The comic's global headline sponsor is Chevron (the Caltex and Texaco brands appear on Supa Strikas' match and training apparel), with other headline sponsors including Visa, Guaranty Trust Bank and Henkel. Partner sponsors also feature depending on region, including Grassroot Soccer, Metropolitan Life, Spur Steak Ranches, Visa, South African National Roads Agency, and MTN amongst others.

Sponsors exposure includes perimeter boards in-game scenes, product placement / engagement (e.g. the team often eats at KFC in the South African edition), and full-page advertisements. It is currently sponsored by KFC and Old Mutual in South Africa.

History and development 
Supa Strikas was founded by Andrew Smith, Oliver Power, Lee Hartman, and Alex Kramer The comic series was first published in South Africa in 2000, following the format of the British comic Roy of the Rovers. Afterward publication spread to various sub-Saharan African countries. By 2002 publications in the neighbouring countries of Namibia, Botswana, Zambia. Nigeria, Kenya, Tanzania and Uganda soon followed.

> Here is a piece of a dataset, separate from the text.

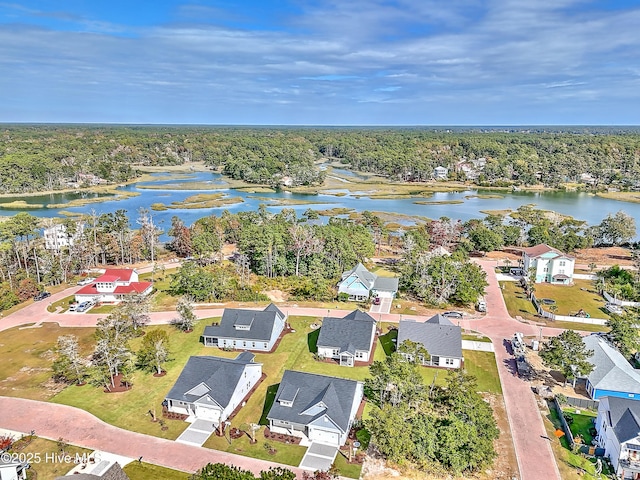 1655 Old Salt Run SW Unit L-45, Shallotte, NC 28470 - aerial view of residential area featuring a large body of water and a forest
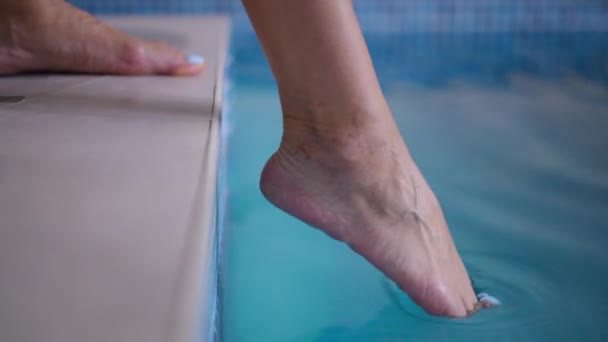 Крупным Планом Женская Нога Касается Голубой Воды Бассейне Помещении Неузнаваемая — стоковое видео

The comic receives sponsorship from several companies, including Nike, Caltex, and other South African businesses. Consequently, the sponsoring firms have their product names placed on various panels.

The series was based on the life of Thuthuka "Terry" Zwane, a boy from the Soweto area of Johannesburg. With demand for the comic growing increasingly global, Supa Strikas’ core characters remained local, but a more international cast grew around them, including characters of Asian, Latin American and European extraction.

Today, the comic is available across Africa (South Africa, Namibia, Botswana, Zambia, Kenya, Uganda, Tanzania, Mauritius, Réunion, Nigeria, Ghana, Cameroon and Egypt); Latin America (Colombia, El Salvador, Panama, Brazil, Honduras, and Guatemala); Europe (Norway, Sweden, Finland) and Asia (Malaysia and the Philippines).

The comic has also been adapted into an animated series by Animasia Studios. The series debuted in 2009 with 47 episodes – each with approximately 22 minutes of run-time – and aired in selected regions until 2010.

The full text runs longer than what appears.